I soggetti non residenti nel territorio dello Stato possono essere sostituti d'imposta e come tali sono obbligati a operare le ritenute secondo le regole previste dal Dpr 600/1973. La qualifica di sostituto viene da essi assunta, però, limitatamente alle somme aventi natura reddituale corrisposte da una loro stabile organizzazione o base fissa in Italia. È questo il principio fondamentale ribadito dall'agenzia delle Entrate con la risposta a interpello 449/2021, peraltro richiamando quanto affermato con la circolare 326/E/97, al paragrafo 3.1 e con le risposte ad interpello 312/2019 e 379/2019. Tale conclusione deriva dalla lettura congiunta dell'articolo 23 del Dpr 600/1973, che fornisce la nozione di «sostituto d'imposta», e dell'articolo 73, comma 1, lettera d) del Dpr 91719/86, che qualifica la soggettività passiva Ires dei soggetti, diversi dalle persone fisiche, non residenti.
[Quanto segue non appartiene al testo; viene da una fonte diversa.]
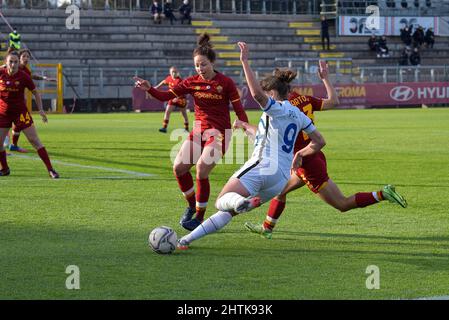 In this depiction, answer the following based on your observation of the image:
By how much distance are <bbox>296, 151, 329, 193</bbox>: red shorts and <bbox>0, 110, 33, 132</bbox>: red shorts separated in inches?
310

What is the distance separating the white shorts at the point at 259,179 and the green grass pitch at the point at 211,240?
2.15 feet

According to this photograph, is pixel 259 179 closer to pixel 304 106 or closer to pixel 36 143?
pixel 304 106

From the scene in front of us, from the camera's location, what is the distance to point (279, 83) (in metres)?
8.97

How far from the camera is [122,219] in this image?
11.4m

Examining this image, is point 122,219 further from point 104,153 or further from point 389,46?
point 389,46

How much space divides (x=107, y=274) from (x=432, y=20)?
179ft

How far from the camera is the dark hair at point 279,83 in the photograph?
8.96 meters

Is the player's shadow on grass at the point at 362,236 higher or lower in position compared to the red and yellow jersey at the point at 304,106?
lower

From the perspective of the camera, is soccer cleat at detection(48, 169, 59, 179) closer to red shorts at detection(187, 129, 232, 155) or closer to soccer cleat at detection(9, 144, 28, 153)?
red shorts at detection(187, 129, 232, 155)

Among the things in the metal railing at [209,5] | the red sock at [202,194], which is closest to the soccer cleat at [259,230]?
the red sock at [202,194]

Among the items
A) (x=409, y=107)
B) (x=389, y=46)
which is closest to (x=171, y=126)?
(x=409, y=107)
Al configurarsi della situazione di base fissa in Italia, il soggetto non residente deve richiedere l'attribuzione di codice fiscale italiano mediante il modello AA5/6 e adempiere a quanto previsto per tutti i sostituti d'imposta: operare le ritenute, versarle, certificarle tramite Certificazione unica («Cu») e presentare il modello 770. Diversamente, in assenza di base fissa in Italia, le somme erogate non devono essere assoggettate a ritenuta né devono essere attivati altri adempimenti.
I percipienti devono comunque assolvere i propri obblighi tributari in Italia, dichiarando i relativi redditi, pur in assenza di «Cu». Tale obbligo permane anche in capo ai percettori che siano fiscalmente non residenti in Italia, rimanendo salva la possibilità di applicare il più favorevole regime convenzionale, se esistente.
Nel caso specifico che ha dato origine alla risposta 449, si trattava di erogazione di somme qualificate come redditi di lavoro autonomo non esercitato abitualmente, in base all'articolo 67, comma 1, lettera l) del Tuir. Norma di riferimento in tema di sostituzione d'imposta è l'articolo 25 del Dpr 600/1973, alla cui applicazione sono per l'appunto tenuti i soggetti qualificati come sostituti d'imposta dall'articolo 23.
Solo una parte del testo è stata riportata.